April 29, 2005

Bad acting, misguided direction leave Hitchhiker's Guide stranded in space

After 25 years of anticipation, the wait is over. The result is just as disappointing as waiting for 10 million years for the answer "42." Disney has made a variety of poor decisions in its train wreck of an adaptation of The Hitchhiker's Guide to the Galaxy, a novel with such an unusual, quirky style. The result is not so much a bastardization of the novel as it is a bad, campy Hollywood summer blockbuster.

The producers made the inexplicable choice of marketing to children. While Douglas Adams's novel appeals to all ages, this decision means his ingenious wit, sarcasm, and quirky humor will be lost. Radio Disney has intensively marketed this movie, which certainly could have afforded to don a PG-13 rating, but instead cowered away to a PG.

The wit has been replaced by clumsy slapstickĀ—one of the most brilliant moments in the book, when the Babel fish proves God does not exist, is replaced by the Babel fish causing a man to flirt with a cow.

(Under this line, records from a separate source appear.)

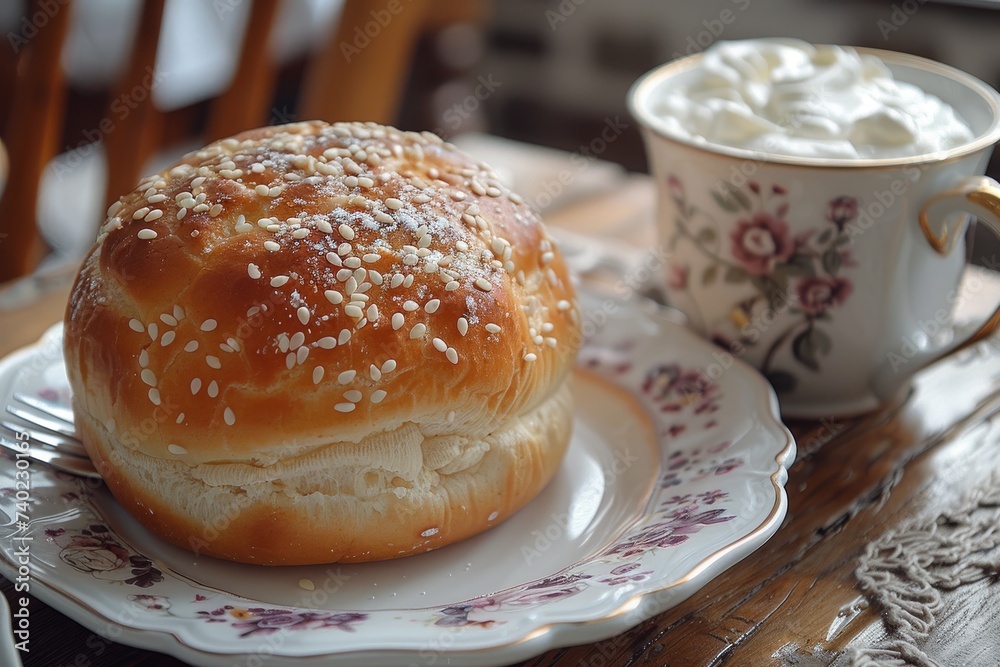 A rustic brioche bun sits upon a delicate saucer, accompanied by a steaming cup of rich coffee, creating the perfect morning snack for any gluten-loving foodie A rustic brioche bun sits upon a delicate saucer, accompanied by a steaming cup of rich coffee, creating the perfect morning snack for any gluten-loving foodie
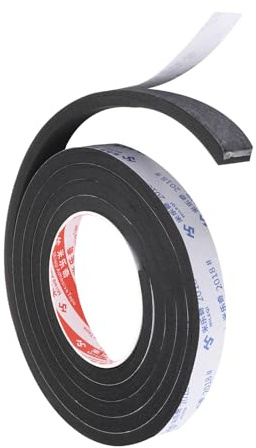 PATIKIL Nastro in schiuma sigillante da 2m/6.6ft, larghezza 2.5cm spessore 8mm, nastro sigillante monofacciale per guarnizione porta finestra per isolamento, nero
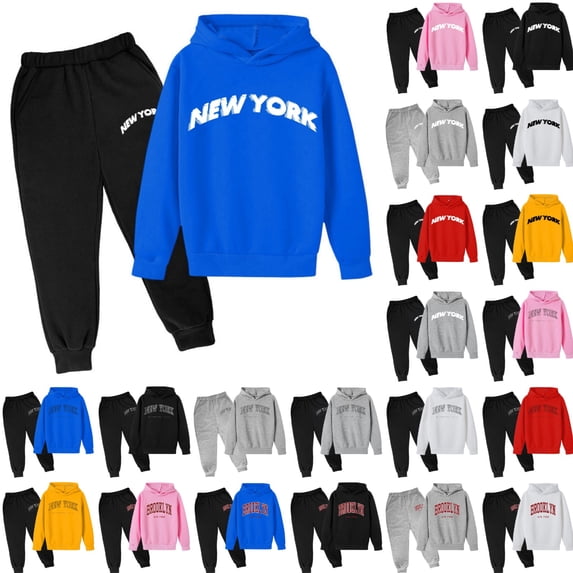 Xmyrz Pants Set For Toddler Girl Letter Print Sweatsuit Long Sleeve Hooded Sweatshirt Sports Basic Style Clothes Sets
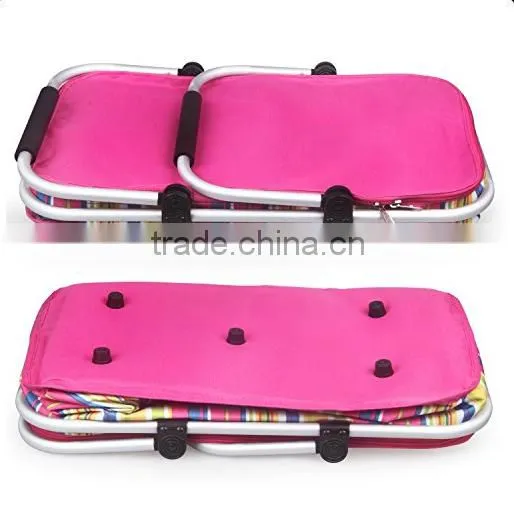 32L Large Family Size Picnic Insulated Bag BBQ Meat Drinks Cooler Bag Folding Collapsible Basket for Holidays Parties (YX-Z131)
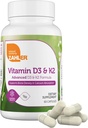 Zahler Vitamina D3 5000 UI K2 - Vitamina Avanzada D3 K2 Fórmula - Densidad ósea " Absorción de calcio - Kosher Vegetarian MK7 Vitamina K2 D3 Suplemento de vitamina - VIT D3 K2, Vitamina D K2 (60 cápsulas)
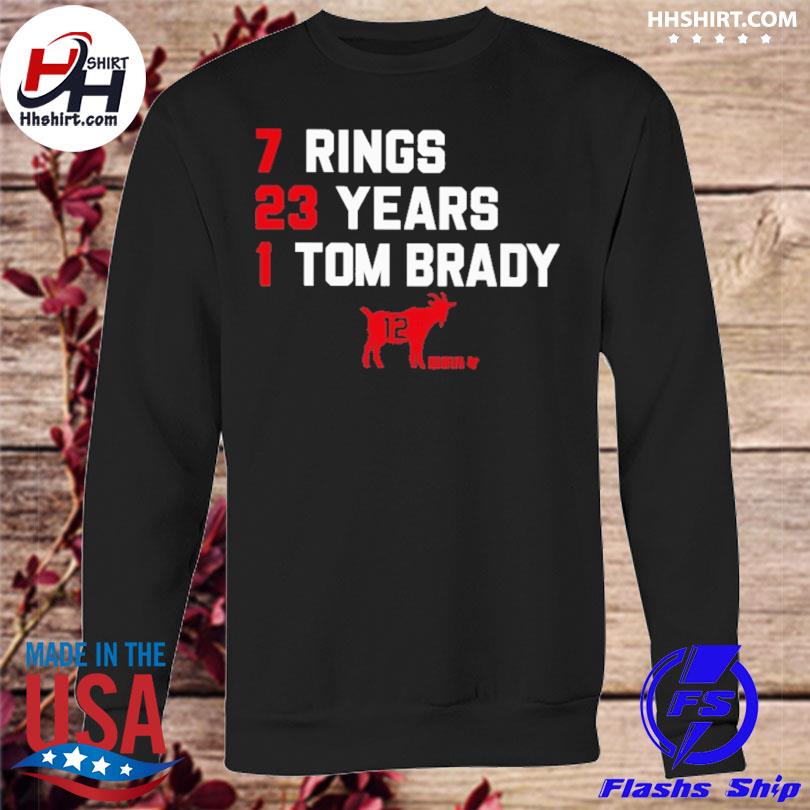 Tampa Bay Buccaneers 7 rings 23 years 1 tom brady shirt, hoodie, longsleeve  tee, sweater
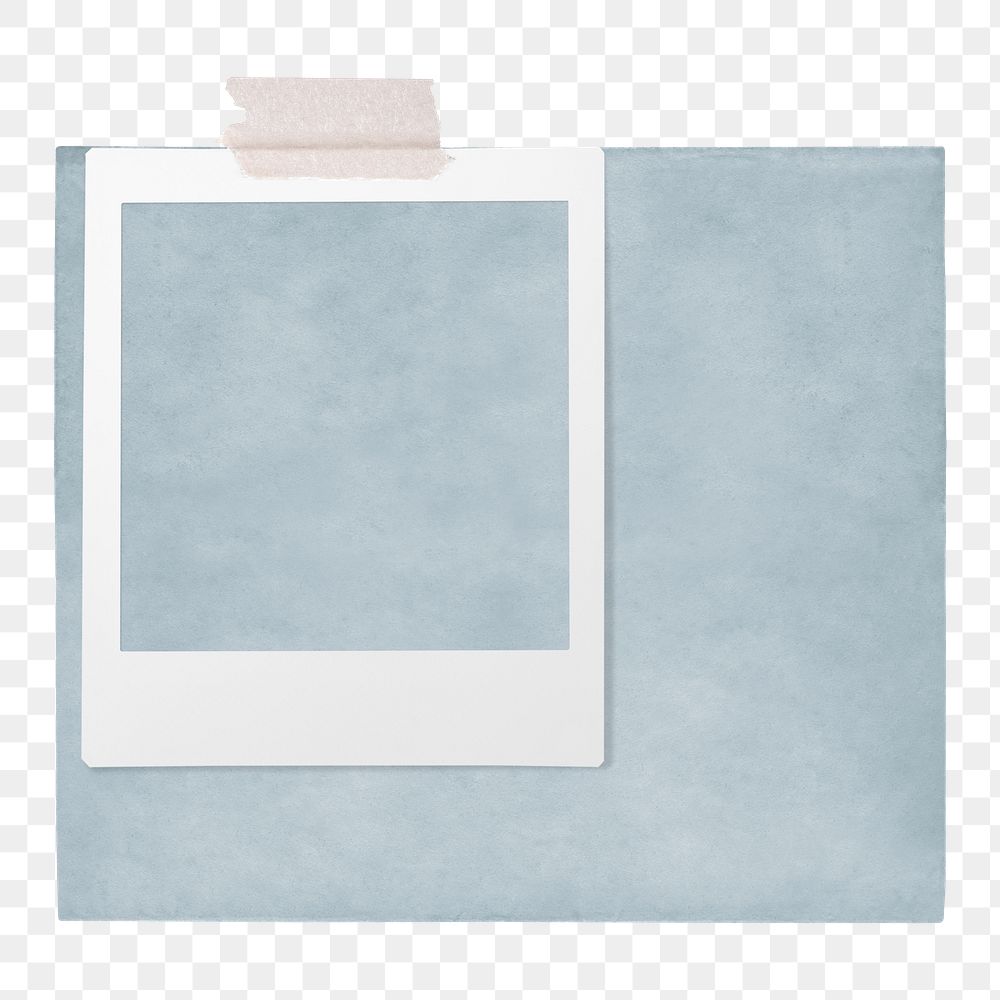 Instant photo png frame, blue paper, transparent background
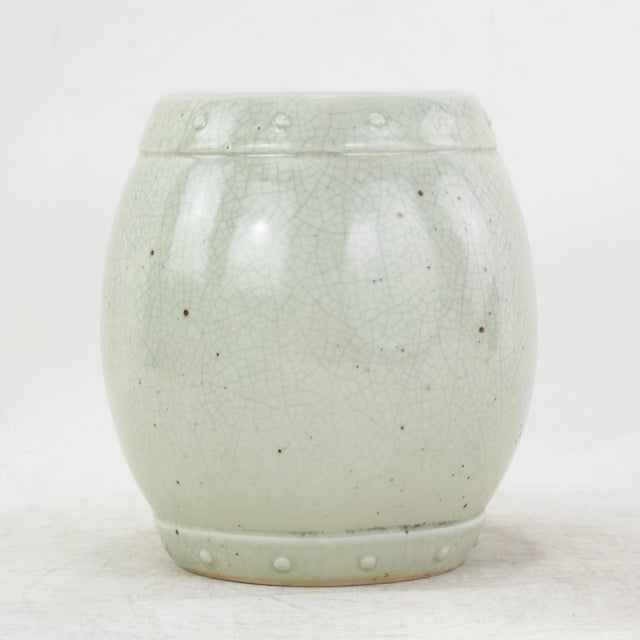 Vintage Chinese Celadon Crackle Glaze Decorative Porcelain Drum For Sale - Image 4 of 11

All of Zaphod Beeblebrox's cleverly constructed characterizations have been taken out, and he has been turned into a brain-dead buffoon, slapping Trillian's ass and being unable to form coherent sentences. An explanation of the improbability drive is replaced by a shot of Arthur and Ford as sofas.

Perhaps the most frustrating part of the movie, though, is how some lines directly taken from Adams's novel contrast so sharply with the rest of the movie. Adams died in 2001 while writing the screenplay. To replace him, Touchstone Pictures chose Karey Kirkpatrick, who is best noted for writing such classic comedies as Honey, We Shrunk Ourselves, The Little Vampire, and an equally disappointing adaptation of James and the Giant Peach. The most egregious decision she has made is putting the love story between Arthur and Trillian at the core of the movie. The fact that the Earth is constructed to answer the ultimate question is relegated to a side note; the climax of the film has Arthur giving a monologue on his love for Trillian, whereas in the novel Arthur's brain is about to be sliced.

The horrible direction and deeply misguided casting certainly do not help. This movie is the directorial debut of Garth Jennings, and it is clear as soon as the film begins that he has been given more than he can handle. He has no idea how to design a scene, and doesn't seem to understand how to tie shots together. The result is a new low in editing for Hollywood blockbusters.

Furthermore, Jennings has no idea what to do with the cast. The characters have no personalities, and are merely tools by which slapstick can be produced. To be fair, Jennings doesn't have much to work with. While Rowan Atkinson and Jim Carrey were originally courted for the role of Arthur Dent, the films end up with the rather bland Martin Freeman (of Shaun of the Dead fame). And he gives one of the better performances of the movie. Mos Def, an excellent dramatic actor, clearly has no idea how to handle such an outlandish character as Ford Prefect, and Sam Rockwell crashes and burns as Zaphod Beeblebrox. Since more of an emphasis has been placed on Trillian, it certainly doesn't help that Zooey Deschanel can't seem to express any emotion, not even when her planet is destroyed. The movie could have used a more noticeable and experienced cast, but instead chose actors resembling extras from Galaxy Quest rather than mature, smart actors who know what they're doing.